» **Task statement**
After locating the line with "Technician using a" in the entries below, output it and each following line up to and including the line with "a building with", exactly and without pictures.

» **Record excerpts**
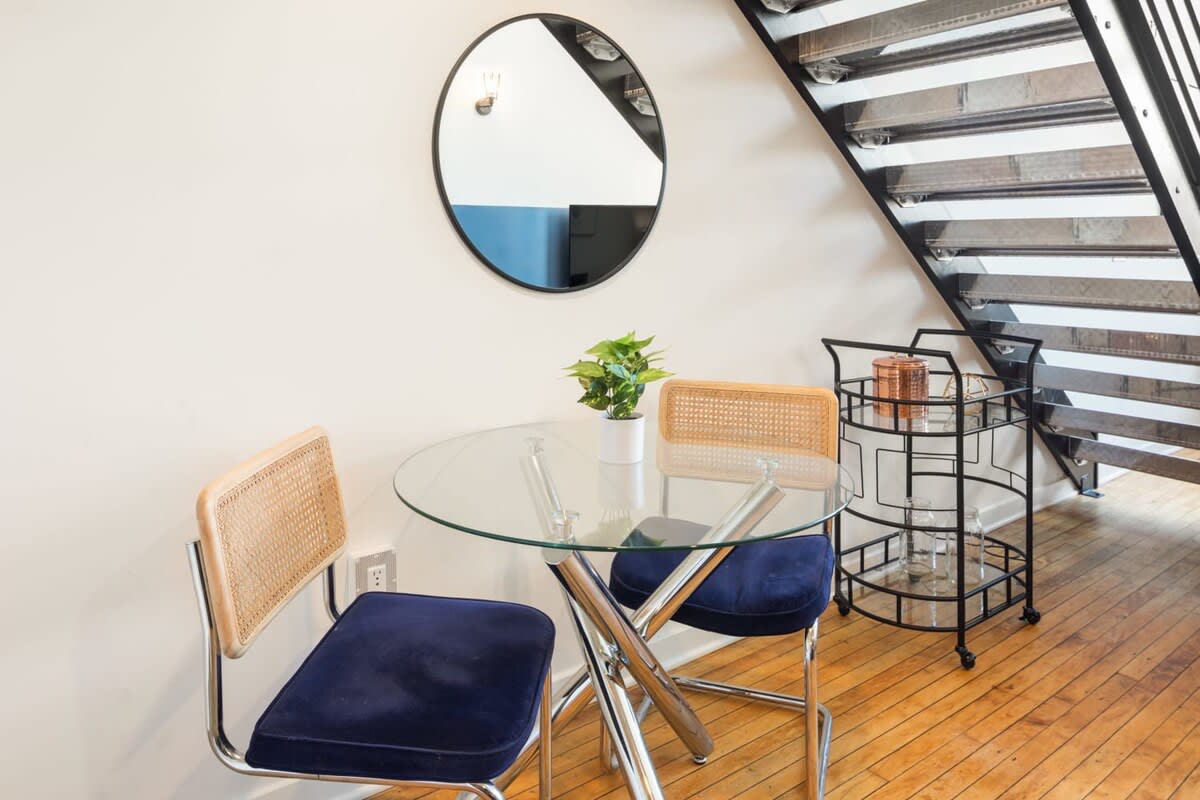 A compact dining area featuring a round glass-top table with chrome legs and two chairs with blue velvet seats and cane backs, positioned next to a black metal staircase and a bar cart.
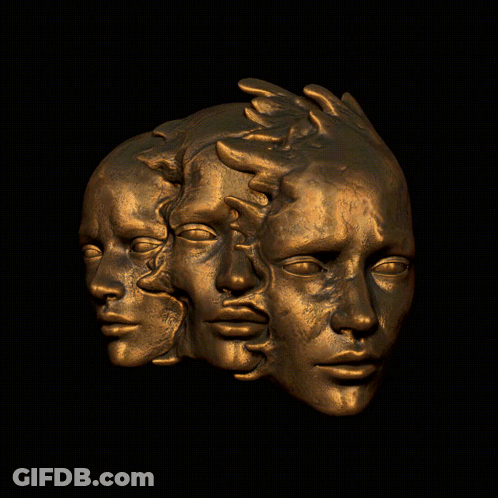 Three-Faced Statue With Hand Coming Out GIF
* * *
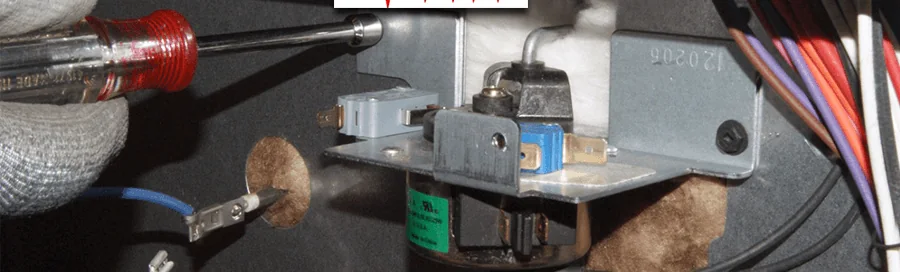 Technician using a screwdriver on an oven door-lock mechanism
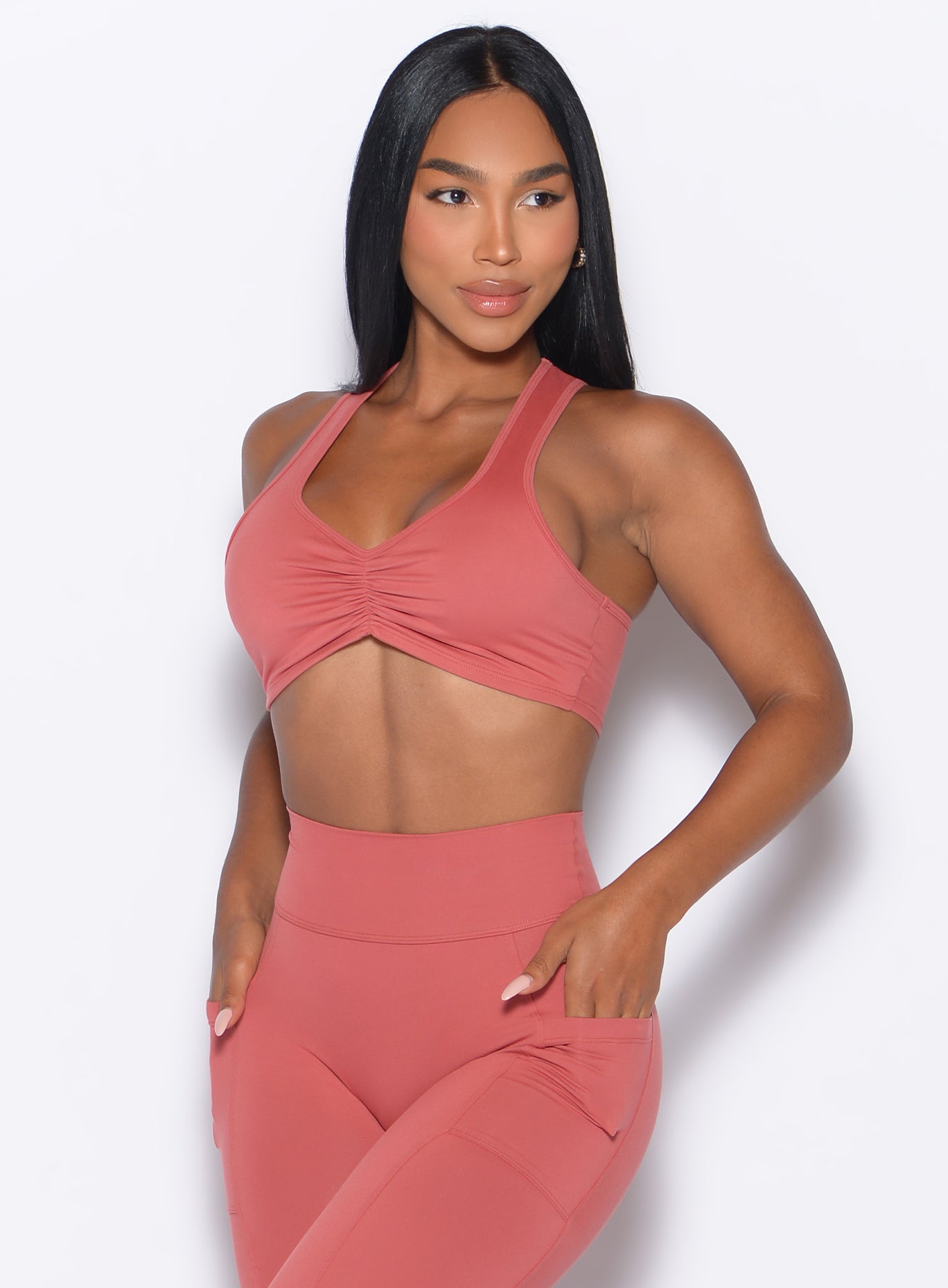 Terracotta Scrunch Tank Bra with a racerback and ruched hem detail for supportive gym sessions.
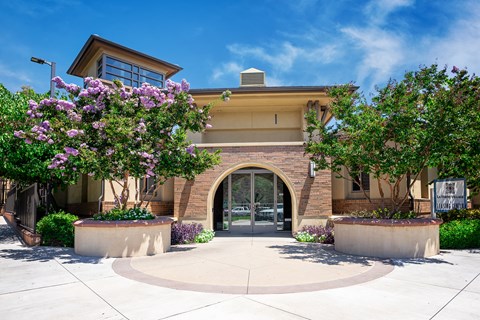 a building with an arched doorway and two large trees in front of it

» **Answer to the exercise**
 Technician using a screwdriver on an oven door-lock mechanism
 Terracotta Scrunch Tank Bra with a racerback and ruched hem detail for supportive gym sessions.
 a building with an arched doorway and two large trees in front of it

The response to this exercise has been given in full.